The Ultimate Jelly Roll Rug Video Tutorial!
Jelly roll rugs are all the rage. I can barely scroll through my Instagram feed without seeing a new version of one pop up.
So I contacted Roma, the designer behind RJ Designs who created this fabulous pattern that transforms a 2 1/2-inch strip roll and batting into a fabulous, colorful rug to see if I could do a tutorial. She agreed as long as I held a few details back so you all would still need to buy the pattern.
As a pattern designer myself, who fully supports getting you all to buy the pattern, creativity isn’t free, I agreed and set to work making a rug of my very own.
I leave out two details, but show you how to make this rug step-by-step from start to finish. I show you how to sew the strips together, how to stuff and stitch down the strips with batting inside to form the coil, and finally how to sew it all together and try to keep it flat as you go. Basically, lots and lots of spray and pressing.
The entire project took about eight hours start to finish over two days, which is not bad considering some quilts take months. And as soon as I finished mine, my daughter asked for one for her room and pulled a Tula Pink All Stars strip roll off the shelf at the shop, so now that is in progress as well.
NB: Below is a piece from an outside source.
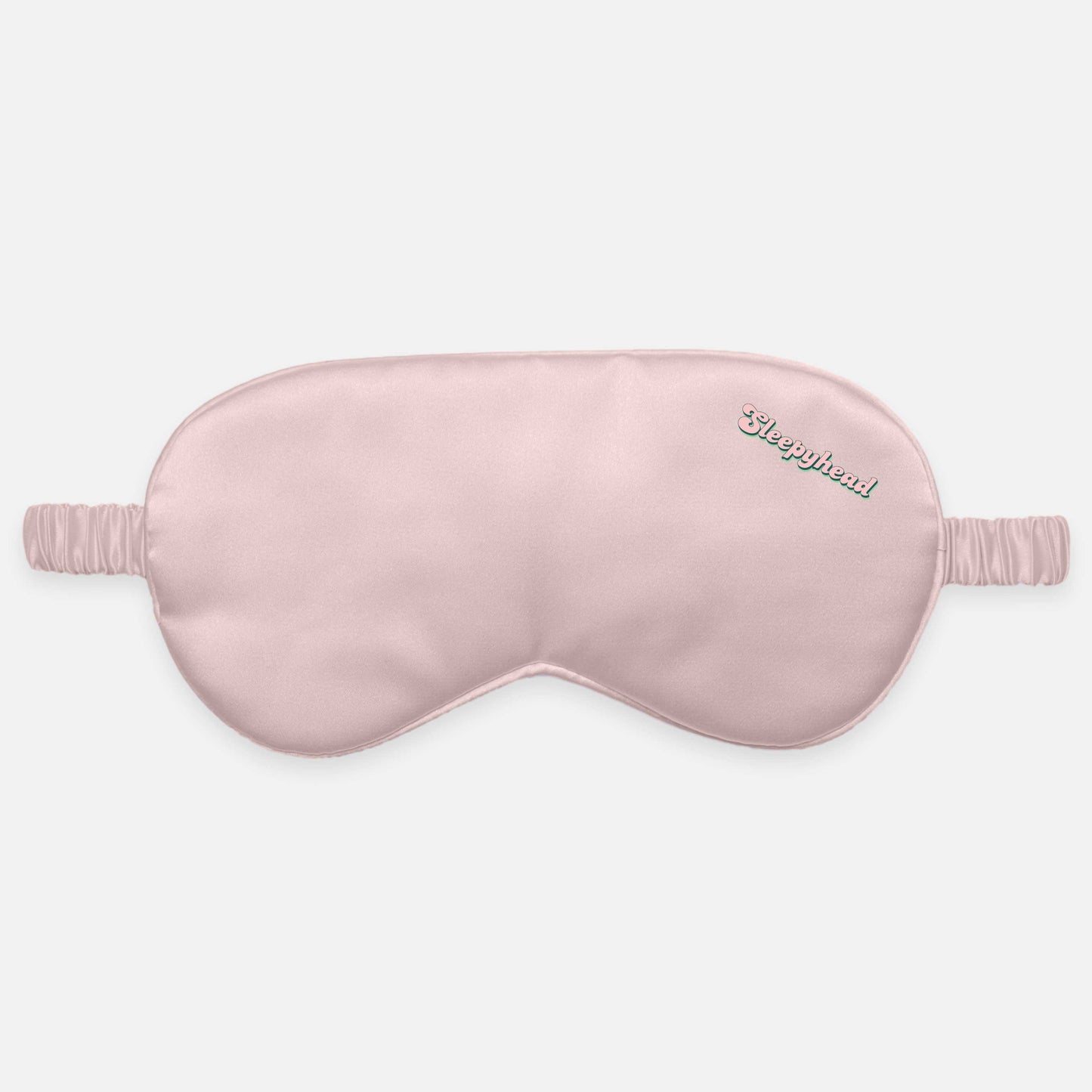 Slaapmasker Satin Logo | Licht Roze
The rug I made in the video uses the 2 1/2-inch pre-made batting rolls. You just need two of those in order to make the entire rug, which was nice because I didn’t have to stop and fuse the ends together constantly. I could just sew. I am using batting scraps for the second one, and it is definitely more of a pain as I constantly stop to fuse ends. So if that would annoy you, I definitely recommend getting the batting rolls. They are awesome.
I used Chalk and Charcoal strip roll for my rug. You can get one by clicking here. We have some in the shop still as I post this, but we usually don’t have any one roll in stock for long, so if you get a 404 error when you click on this, it means we are out. Click on the link below to see our current strip rolls that we have in stock.
I would love to see how your jelly rolls turn out. Tag me on Instragram @quiltaddictsanonymous or use the hashtag #quiltaddictsanonymous so I can see how yours ended up.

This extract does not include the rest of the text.